Guest post by Alec Rawls
A Fox News story on the leaked draft of AR5 got big attention through the Drudge Report the other week. Fox reporter Maxim Lott begins by quoting a sentence from the Second Order Draft that seems to acknowledge a larger solar influence on climate than previously estimated:
“[Results] do suggest the possibility of a much larger impact of solar variations on the stratosphere than previously thought, and some studies have suggested that this may lead to significant regional impacts on climate,” reads a draft copy of a major, upcoming report from the U.N.’s Intergovernmental Panel on Climate Change (IPCC).

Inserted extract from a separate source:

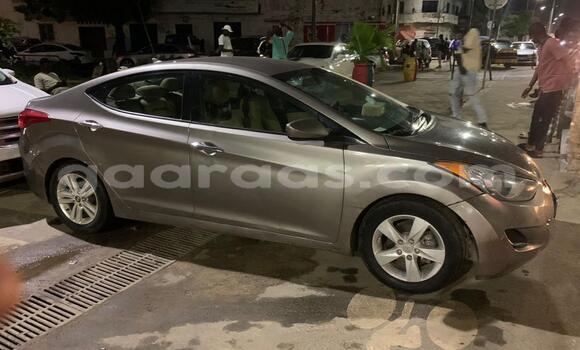 Dieundeu Occasion Hyundai Elantra Beige Auto in Dakar in Dakar Dieundeu Occasion Hyundai Elantra Beige Auto in Dakar in Dakar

The bracketed “[results]” are the post-AR4 findings of “much greater than expected reduction at UV wavelengths in the recent declining solar cycle phase.” (AR5 SOD page 11-57.) Lott describes the vaguely referenced stratospheric and climate impacts of this larger-than-expected UV-shift as an admission by the IPCC that “[h]eat from the sun may play a larger role than previously thought.” The Fox headline writers go even further, describing the IPCC as “admitting solar activity may play significant role in global warming.”
This reporting is a bit messy. No, the UV-shift is not a shift in heat from the sun. Total solar irradiance (TSI) changes very little as solar activity ramps up and down. The UV shift just alters where in the electromagnetic spectrum the heat comes through. Yes this UV shift could affect the climate system in ways that have a substantial impact on global temperature but no, the IPCC has not admitted it. They actually belittle the possibility. That’s what the reference to “regional impacts on climate” is about. They mean regional as opposed to global. They are denying any significant impact on global temperature.
Still, the gist of the story—that the draft report admits stronger solar effects on global temperature than previously estimated—is correct, only this admission comes not in chapter 11 but in chapter 7, where it is followed by a crude trick of evasion. The UV-shift discussion in chapter 11 repeats this same trick of evasion. To catch this trick in chapter 11 you have to first catch it in chapter 7.
Dodging the evidence
This is the third article Lott has written on the Second Order Draft of AR5 (which I leaked to public in mid-December). All have been pretty good.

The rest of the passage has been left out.